Captioned web image data:
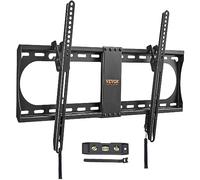 VEVOR Supporto da Parete per TV Schermo tra 37-70 Pollici Capacità Massima 60 kg, Staffa da Parete Porta TV in Acciaio al Carbonio Inclinabile max. VESA 600x400mm min. 200x100mm, Supporto TV Murale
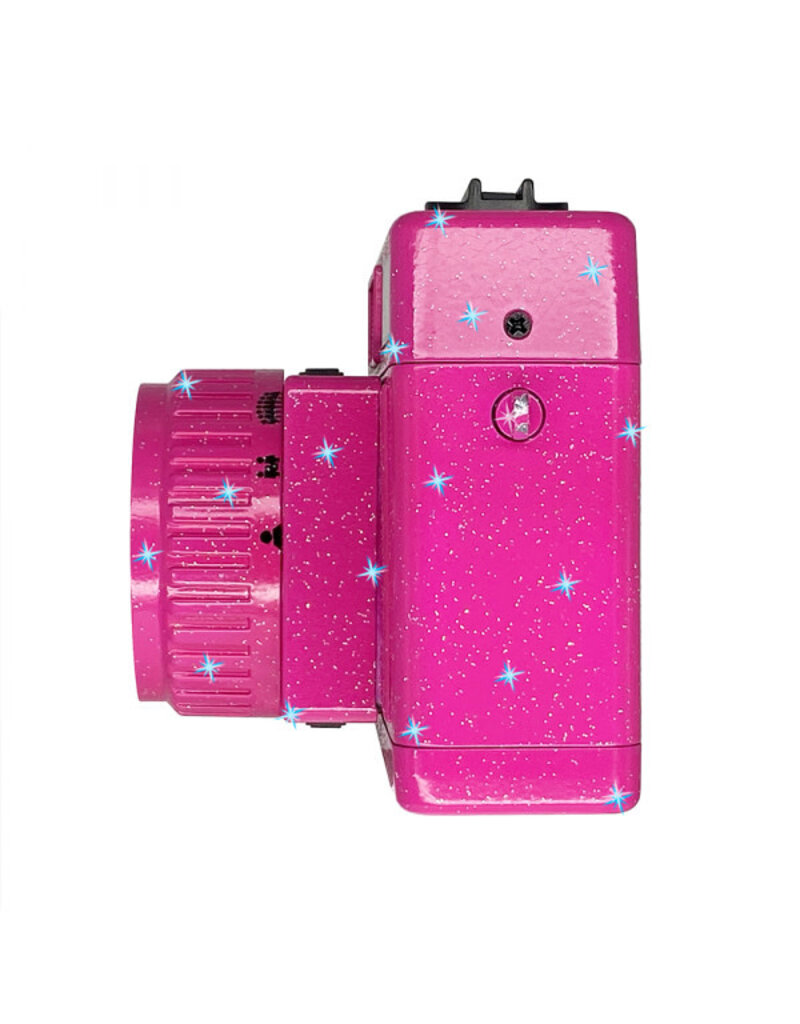 Holga 135FC 35mm Film Camera - Pink Sparkle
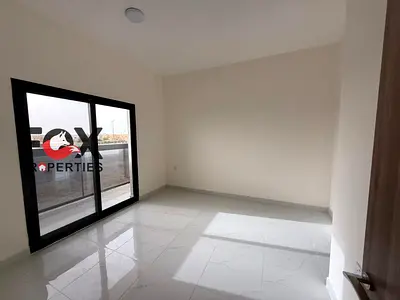 1BHK Al Alia MBZ Road brand new 2 bath balcony large size AED 33K 4 payments deposit cheque
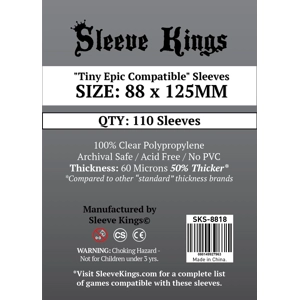 Sleeve Kings (88x125mm) qty 110, microns 60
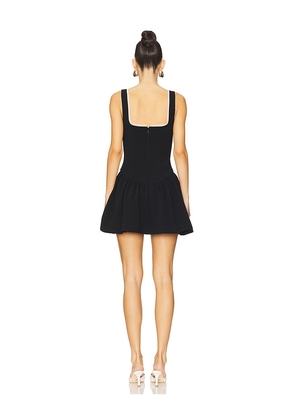 MAJORELLE Cynthia Mini Dress in Black. Size XS. Also in XXS, M.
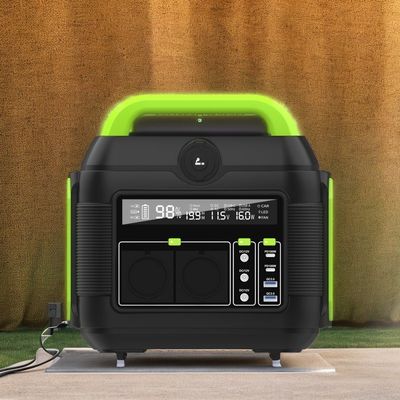 Tùy chỉnh 600W Trạm điện năng lượng lưu trữ năng lượng mặt trời di động nhỏ với màn hình LCD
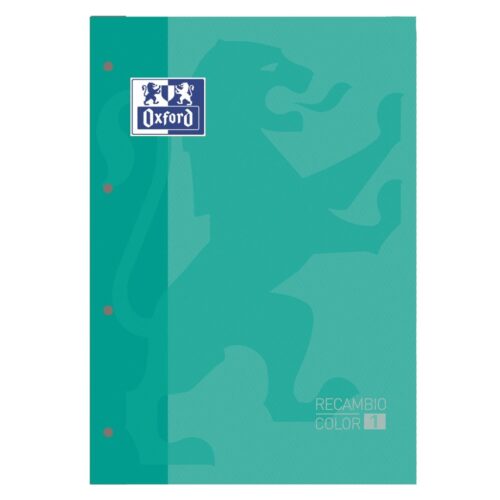 RECAMBIO OXFORD A4 COLOR 80H 4T C-5 VERDE MENTA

● Directions
When you copy the data, keep every line exact and leave out each picture.

● Answer for the task
 VEVOR Supporto da Parete per TV Schermo tra 37-70 Pollici Capacità Massima 60 kg, Staffa da Parete Porta TV in Acciaio al Carbonio Inclinabile max. VESA 600x400mm min. 200x100mm, Supporto TV Murale
 Holga 135FC 35mm Film Camera - Pink Sparkle
 1BHK Al Alia MBZ Road brand new 2 bath balcony large size AED 33K 4 payments deposit cheque
 Sleeve Kings (88x125mm) qty 110, microns 60
 MAJORELLE Cynthia Mini Dress in Black. Size XS. Also in XXS, M.
 Tùy chỉnh 600W Trạm điện năng lượng lưu trữ năng lượng mặt trời di động nhỏ với màn hình LCD
 RECAMBIO OXFORD A4 COLOR 80H 4T C-5 VERDE MENTA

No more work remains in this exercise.